Segment Open

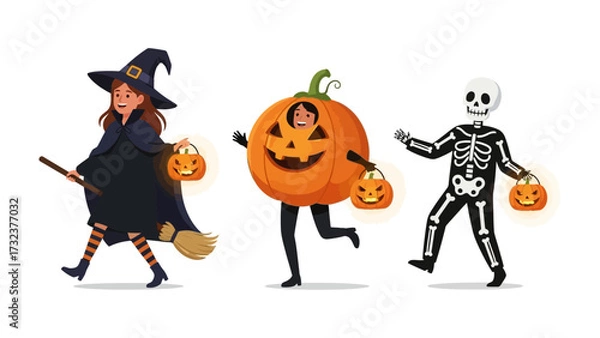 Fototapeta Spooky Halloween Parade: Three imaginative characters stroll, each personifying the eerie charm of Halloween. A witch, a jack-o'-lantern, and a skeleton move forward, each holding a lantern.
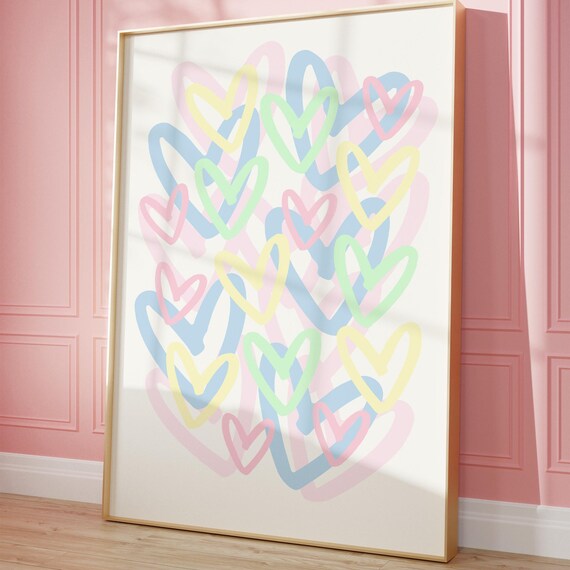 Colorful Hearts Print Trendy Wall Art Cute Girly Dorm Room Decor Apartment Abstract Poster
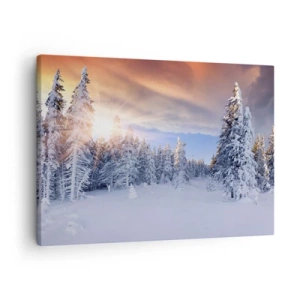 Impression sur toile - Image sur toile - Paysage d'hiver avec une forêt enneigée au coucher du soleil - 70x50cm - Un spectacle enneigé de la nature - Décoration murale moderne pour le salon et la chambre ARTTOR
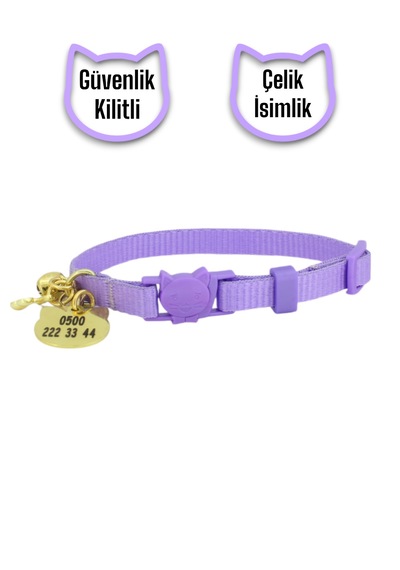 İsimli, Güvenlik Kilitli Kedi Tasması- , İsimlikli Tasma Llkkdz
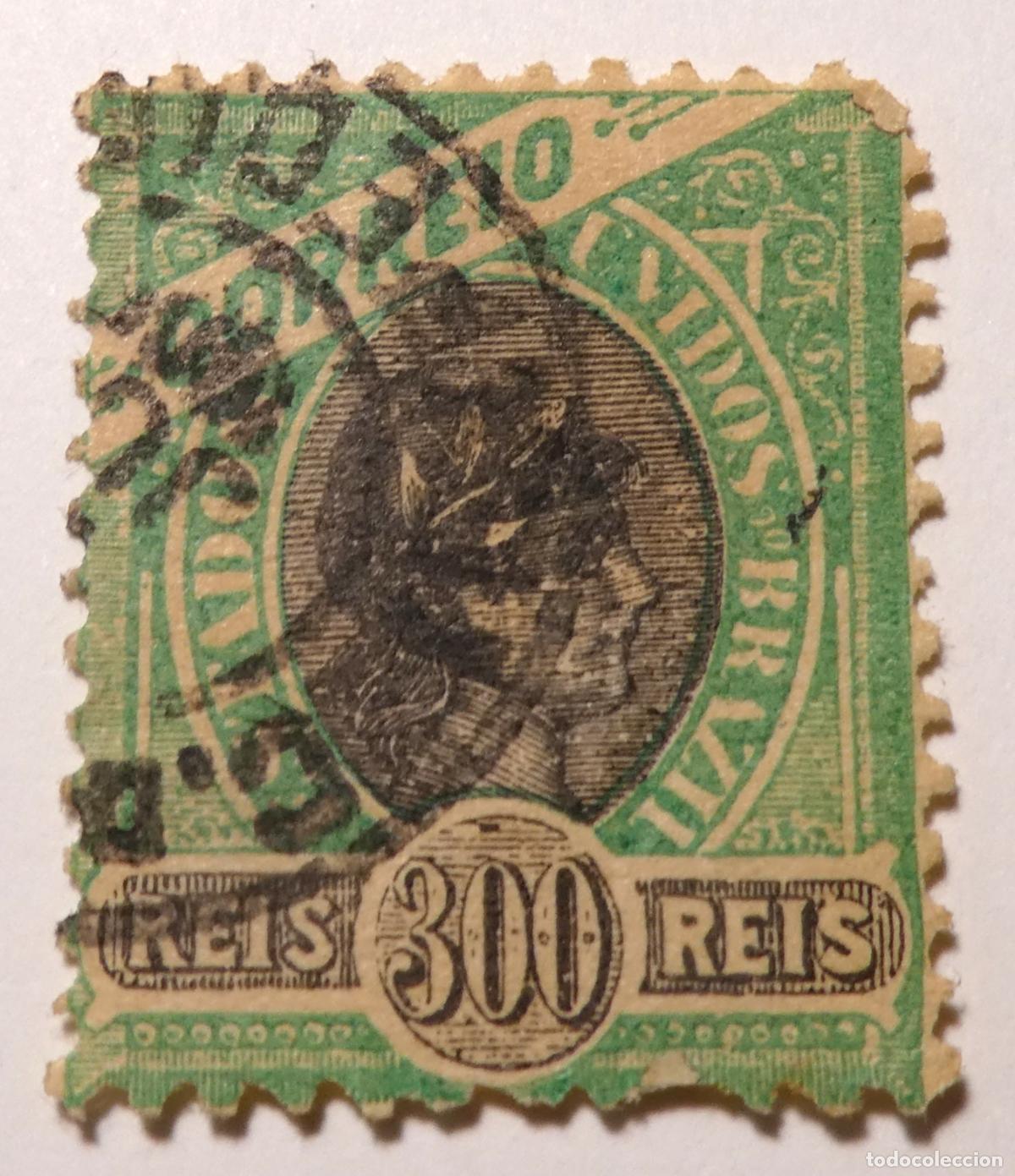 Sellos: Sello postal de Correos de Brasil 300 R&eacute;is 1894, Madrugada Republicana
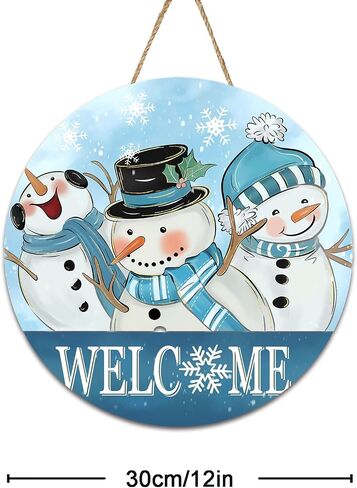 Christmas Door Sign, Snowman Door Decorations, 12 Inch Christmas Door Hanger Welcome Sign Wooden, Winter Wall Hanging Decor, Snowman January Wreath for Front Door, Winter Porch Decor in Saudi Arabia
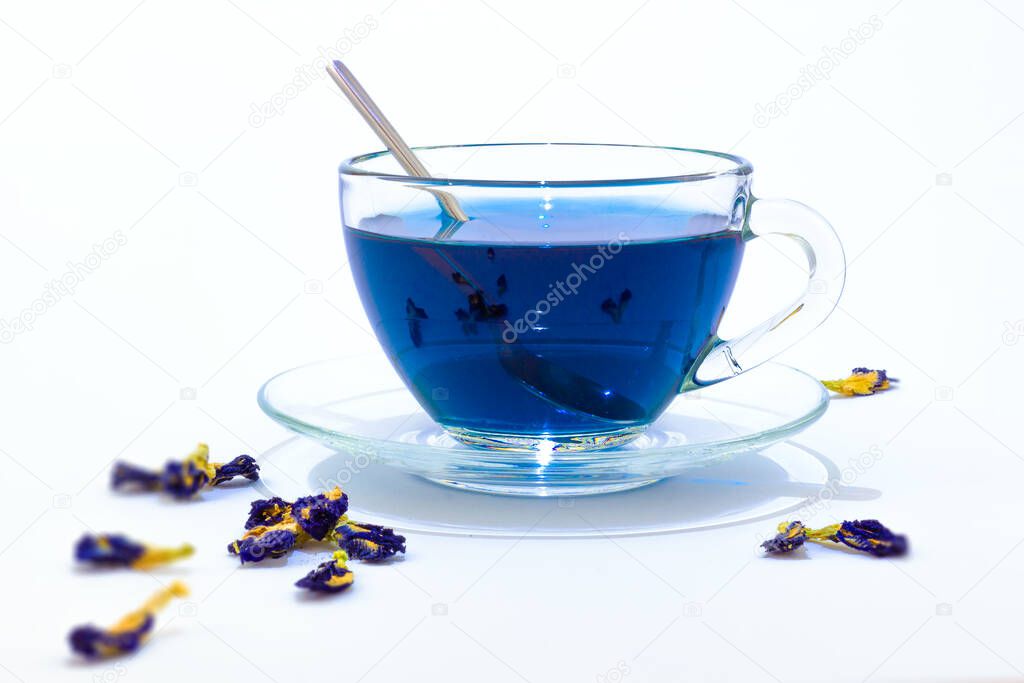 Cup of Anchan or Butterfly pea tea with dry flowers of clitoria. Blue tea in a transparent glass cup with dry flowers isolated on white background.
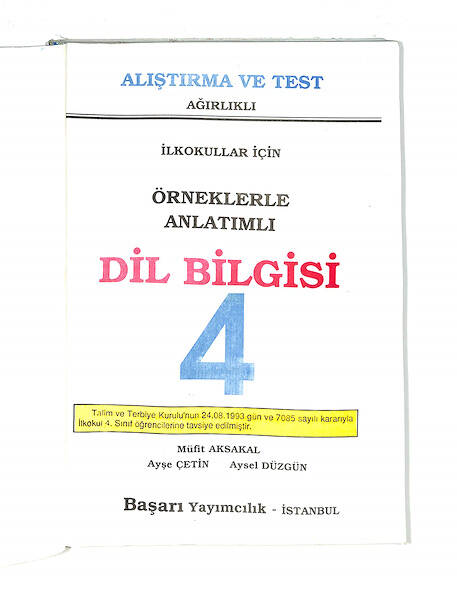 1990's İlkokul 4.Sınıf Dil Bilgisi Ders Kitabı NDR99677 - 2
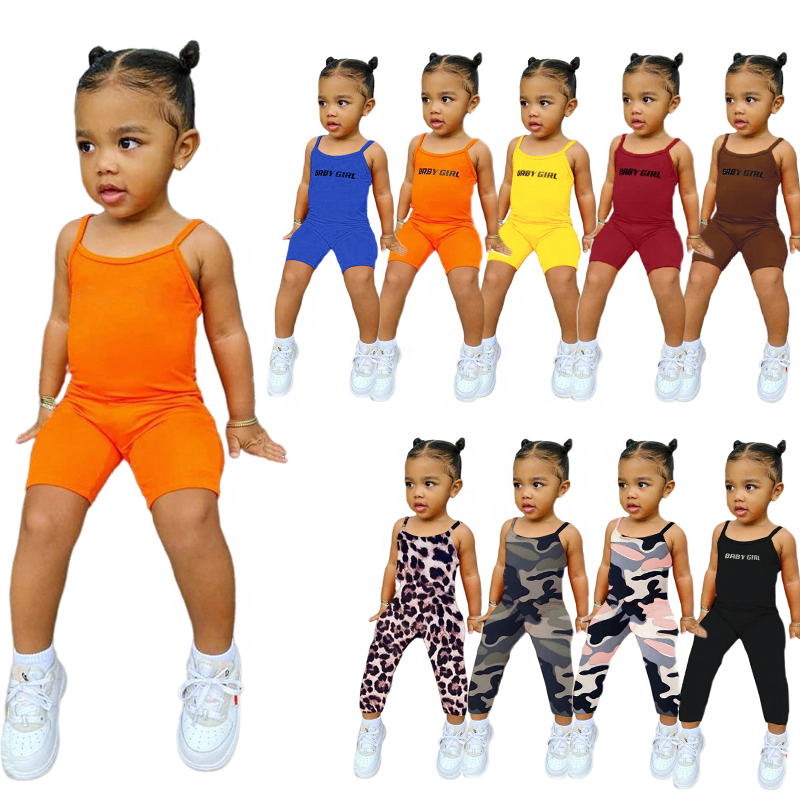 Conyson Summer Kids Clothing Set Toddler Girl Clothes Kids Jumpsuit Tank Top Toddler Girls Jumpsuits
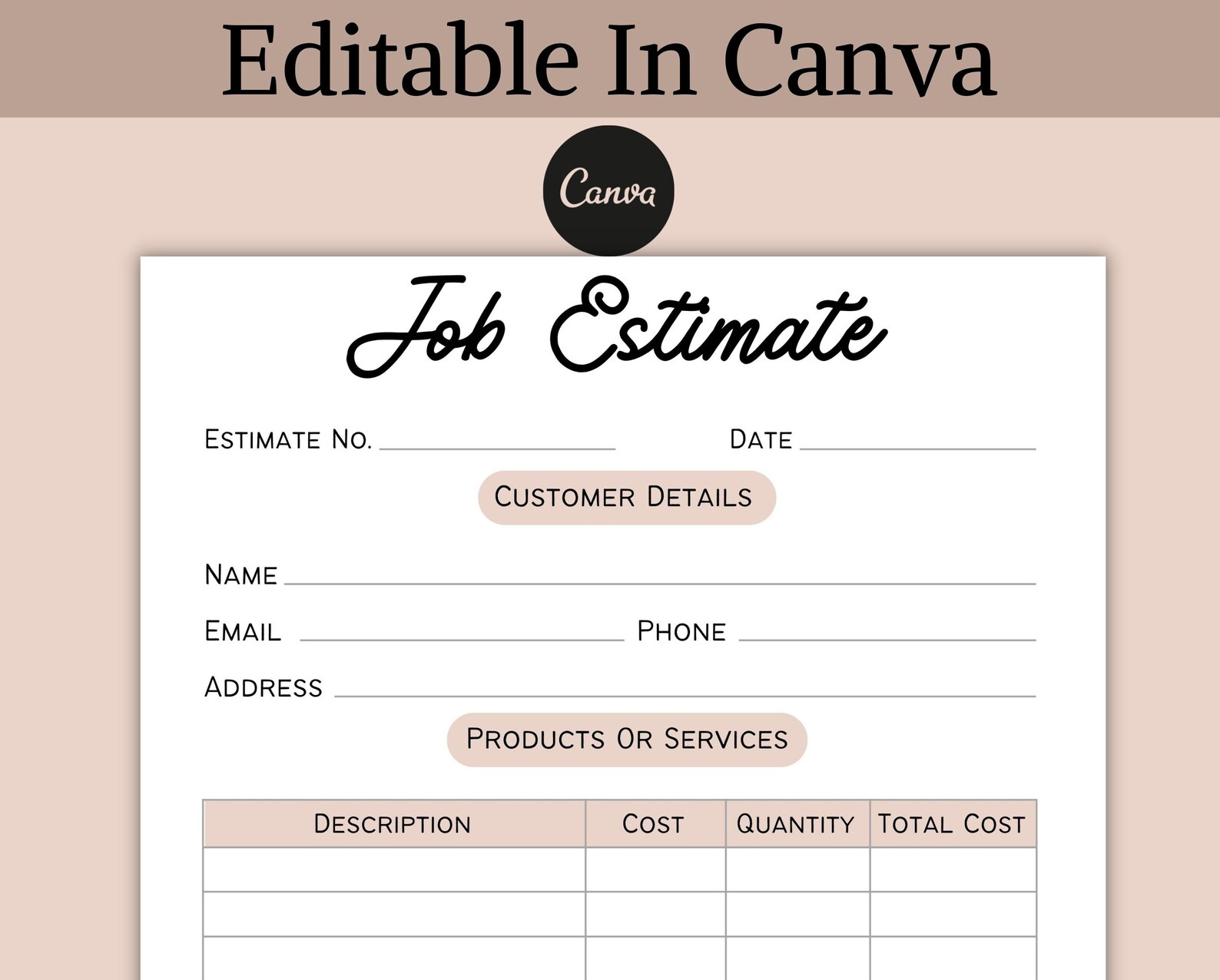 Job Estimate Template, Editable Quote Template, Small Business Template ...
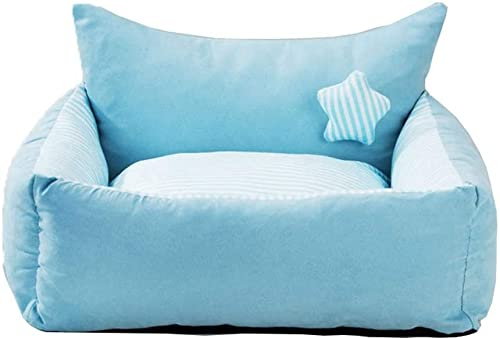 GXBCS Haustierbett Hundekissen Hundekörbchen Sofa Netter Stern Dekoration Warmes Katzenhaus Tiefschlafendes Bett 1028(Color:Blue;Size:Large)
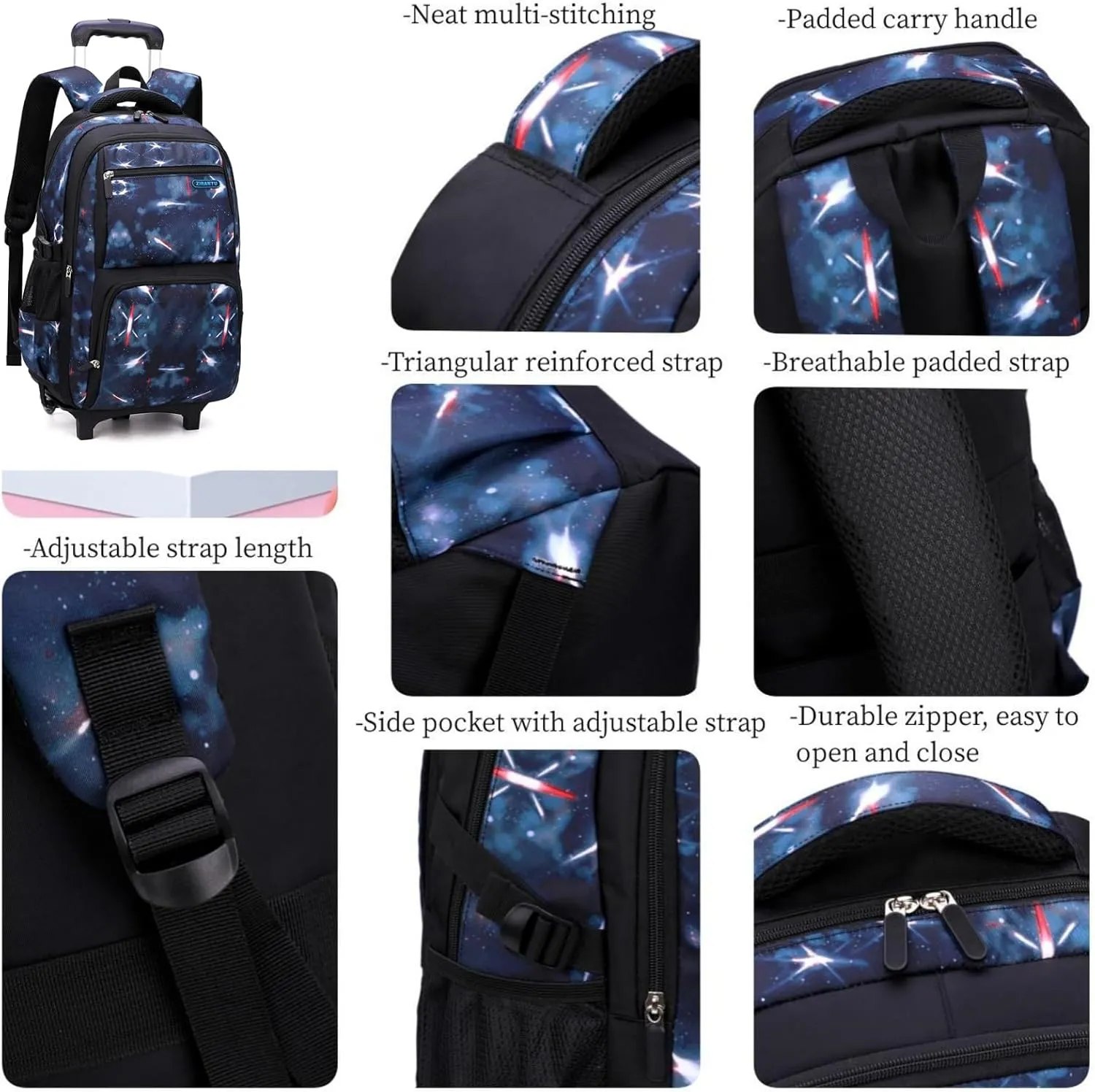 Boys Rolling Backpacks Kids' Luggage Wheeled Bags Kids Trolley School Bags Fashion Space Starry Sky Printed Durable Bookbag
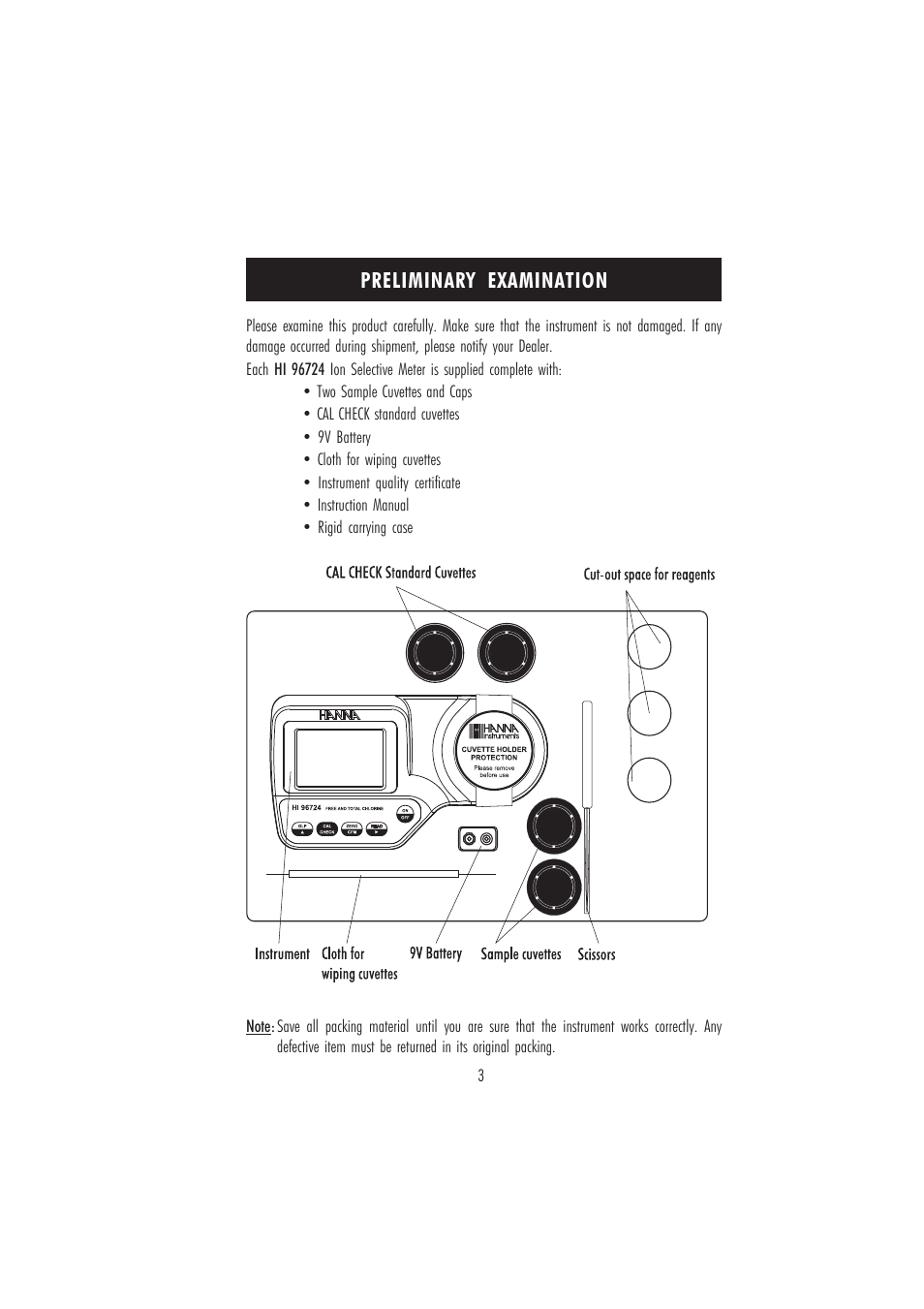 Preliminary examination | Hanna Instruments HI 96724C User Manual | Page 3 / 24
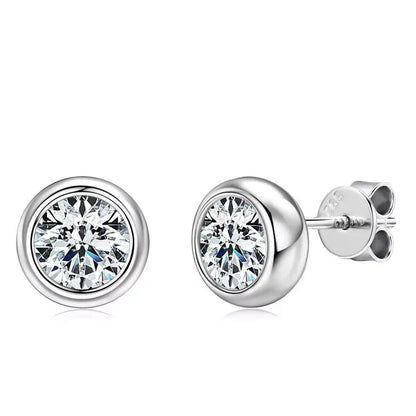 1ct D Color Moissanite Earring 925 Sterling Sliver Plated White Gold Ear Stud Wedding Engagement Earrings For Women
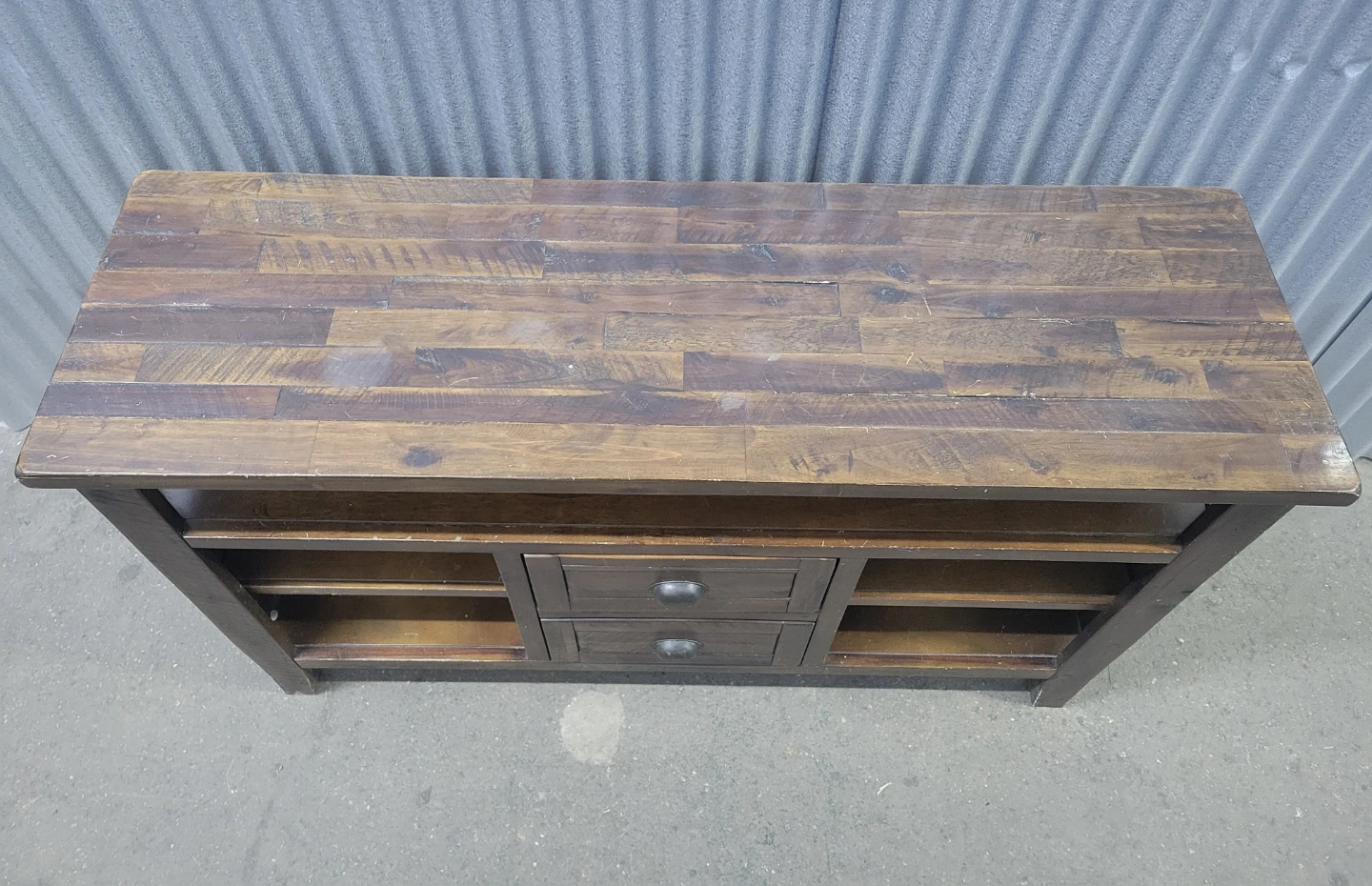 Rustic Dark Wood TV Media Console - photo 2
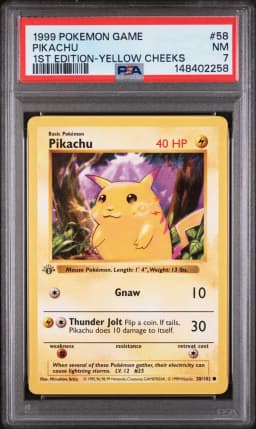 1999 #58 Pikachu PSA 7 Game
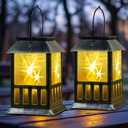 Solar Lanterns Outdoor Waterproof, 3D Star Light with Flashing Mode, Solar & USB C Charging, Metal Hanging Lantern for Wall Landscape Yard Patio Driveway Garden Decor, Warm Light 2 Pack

Segment Closed

> Your goal:
With the pictures removed, return the listing above in its exact original wording.

> Result of this exercise:
 Fototapeta Spooky Halloween Parade: Three imaginative characters stroll, each personifying the eerie charm of Halloween. A witch, a jack-o'-lantern, and a skeleton move forward, each holding a lantern.
 Colorful Hearts Print Trendy Wall Art Cute Girly Dorm Room Decor Apartment Abstract Poster
 Impression sur toile - Image sur toile - Paysage d'hiver avec une forêt enneigée au coucher du soleil - 70x50cm - Un spectacle enneigé de la nature - Décoration murale moderne pour le salon et la chambre ARTTOR
 İsimli, Güvenlik Kilitli Kedi Tasması- , İsimlikli Tasma Llkkdz
 Sellos: Sello postal de Correos de Brasil 300 R&eacute;is 1894, Madrugada Republicana
 Christmas Door Sign, Snowman Door Decorations, 12 Inch Christmas Door Hanger Welcome Sign Wooden, Winter Wall Hanging Decor, Snowman January Wreath for Front Door, Winter Porch Decor in Saudi Arabia
 Cup of Anchan or Butterfly pea tea with dry flowers of clitoria. Blue tea in a transparent glass cup with dry flowers isolated on white background.
 1990's İlkokul 4.Sınıf Dil Bilgisi Ders Kitabı NDR99677 - 2
 Conyson Summer Kids Clothing Set Toddler Girl Clothes Kids Jumpsuit Tank Top Toddler Girls Jumpsuits
 Job Estimate Template, Editable Quote Template, Small Business Template ...
 GXBCS Haustierbett Hundekissen Hundekörbchen Sofa Netter Stern Dekoration Warmes Katzenhaus Tiefschlafendes Bett 1028(Color:Blue;Size:Large)
 Boys Rolling Backpacks Kids' Luggage Wheeled Bags Kids Trolley School Bags Fashion Space Starry Sky Printed Durable Bookbag
 Preliminary examination | Hanna Instruments HI 96724C User Manual | Page 3 / 24
 1ct D Color Moissanite Earring 925 Sterling Sliver Plated White Gold Ear Stud Wedding Engagement Earrings For Women
 Rustic Dark Wood TV Media Console - photo 2
 1999 #58 Pikachu PSA 7 Game
 Solar Lanterns Outdoor Waterproof, 3D Star Light with Flashing Mode, Solar & USB C Charging, Metal Hanging Lantern for Wall Landscape Yard Patio Driveway Garden Decor, Warm Light 2 Pack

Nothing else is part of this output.